Opération « Ville morte »

La scène qui montre Michel forcer le barrage gardé par de jeunes Tutsi pour se rendre à l'hôpital avec son fils et sa fille blessée s'inscrit dans un climat de grande violence psychologique. Yvonne, en état de choc suite à la découverte du génocide des Tutsi à Kigali, a basculé dans la folie. Mutique et repliée sur elle-même, elle sort soudain de son état de prostration une première fois, la nuit, pour raconter à sa fille dans quel état elle a retrouvé les cadavres de ses neveu et nièces après trois mois de décomposition et comment elle a frotté les taches de sang incrustées dans le ciment. Image du filmTraumatisé, Gaby observe la scène sans mot dire puis accueille sa petite sœur, terrifiée, dans son lit pour terminer la nuit. Le lendemain, Ana n'ose pas aller embrasser sa mère avant de se coucher, ce qui déclenche une nouvelle réaction d'Yvonne, qui l'oblige à psalmodier un chant funèbre en kinyarwanda, une langue qu'elle ne connaît pas. Plus la fillette pleure en tentant de chanter, et plus s'abattent sur elle les reproches d'Yvonne, qui lui demande en hurlant si elle n'a pas honte de ne pas parler le kinyarwanda. « Tu es comme ton père, un sale Français qui nous a laissé crever ! », lance-t-elle à Gaby, qui tente de s'interposer, avant de lancer brutalement un verre au visage d'Ana.

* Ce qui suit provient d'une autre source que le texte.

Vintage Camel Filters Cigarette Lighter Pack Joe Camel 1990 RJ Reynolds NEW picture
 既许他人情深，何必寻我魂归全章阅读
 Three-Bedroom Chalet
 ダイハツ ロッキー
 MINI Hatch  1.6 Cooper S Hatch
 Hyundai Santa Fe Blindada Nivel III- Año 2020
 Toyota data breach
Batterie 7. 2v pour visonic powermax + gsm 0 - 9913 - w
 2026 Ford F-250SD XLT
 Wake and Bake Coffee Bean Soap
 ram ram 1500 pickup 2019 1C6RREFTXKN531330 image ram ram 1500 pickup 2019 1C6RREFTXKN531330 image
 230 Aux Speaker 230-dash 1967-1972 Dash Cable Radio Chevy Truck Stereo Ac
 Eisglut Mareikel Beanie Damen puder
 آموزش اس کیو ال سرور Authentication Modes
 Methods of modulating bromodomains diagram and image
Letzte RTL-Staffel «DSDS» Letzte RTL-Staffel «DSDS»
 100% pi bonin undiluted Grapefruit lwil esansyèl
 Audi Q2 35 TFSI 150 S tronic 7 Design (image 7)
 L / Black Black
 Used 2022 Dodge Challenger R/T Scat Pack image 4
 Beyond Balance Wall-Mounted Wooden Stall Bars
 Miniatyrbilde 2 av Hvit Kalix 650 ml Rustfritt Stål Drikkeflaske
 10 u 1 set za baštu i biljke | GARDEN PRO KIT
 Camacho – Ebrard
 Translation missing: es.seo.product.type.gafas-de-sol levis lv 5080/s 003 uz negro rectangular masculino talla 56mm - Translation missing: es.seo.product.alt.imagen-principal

C'est après avoir vécu ce violent rejet de la part de leur propre mère que les enfants font route vers l'hôpital avec Michel, malgré l'opération « Ville morte » qui paralyse le quartier. Des cadavres jonchent les rues désertes, le feu a été bouté à des matériaux de fortune… Ce paysage aux proportions apocalyptiques défile sur un fond musical porteur de la profonde angoisse qu'il suscite, jusqu'à l'arrivée au barrage qui doit arrêter leur course vers l'hôpital. Finalement, c'est dans un chaos infernal, amplifié par la bande-son du film, que le véhicule, plongé dans l'épaisse fumée noire que dégagent les brûlots et sous le feu des mitraillettes d'une horde de jeunes miliciens ivres de colère, parvient à forcer le barrage.

Danse macabre sur la plage

Cette dernière scène avant l'épilogue du film montre le sort réservé au présumé coupable de l'assassin du père d'Armand et le climat d'ivresse haineuse qui entoure son exécution. Entraîné par Gino et Francis, Gaby part avec eux sur les traces du fuyard dans un vieux taxi déglingué lancé à pleine vitesse sur fond de musique rap. Arrivé sur la plage où un groupe de jeunes rouent de coups l'adolescent qu'ils tiennent pour responsable, Gaby reconnaît le jeune Hutu qu'il avait accueilli un peu plus tôt chez lui pour le protéger de ses poursuivants. Tétanisé par les représailles qui lui sont infligées - la séquence, extrêmement violente, est alors tournée au ralenti -, il observe la scène sans réagir jusqu'au moment où Innocent, à la tête du gang des « Sans Défaite », débarque à son tour pour régler définitivement le sort de l'assassin présumé. Le jeune homme est ainsi attaché dans la carcasse du vieux taxi arrosé d'essence et c'est précisément à Gaby qu'Innocent demande de poser le geste final en jetant un briquet allumé à l'intérieur du véhicule, histoire de prouver au groupe qu'il est bien un vrai Tutsi.

Traumatisé par le choix qu'il a à faire et le crime horrible que l'homme lui demande de commettre, Gaby hésite un long moment avant de déclencher l'incendie fatal. Saluée par des salves de mitraillettes tirées en l'air, l'exécution effroyable du jeune Hutu donne lieu à une véritable scène de transe collective : les flammes, la fumée, le bruit des tirs, les hurlements sauvages et les silhouettes noires des miliciens dansant autour de la carcasse du taxi en feu, composent en effet à ce moment-là un tableau dantesque à la mesure de la perception infernale qu'en a alors Gaby, en larmes et effondré au sol. La caméra, comme hypnotisée par la scène, finit par s'en extraire pour filmer le ciel envahi d'oiseaux, entaché lui aussi par des volutes de fumée noire qui rappellent le drame.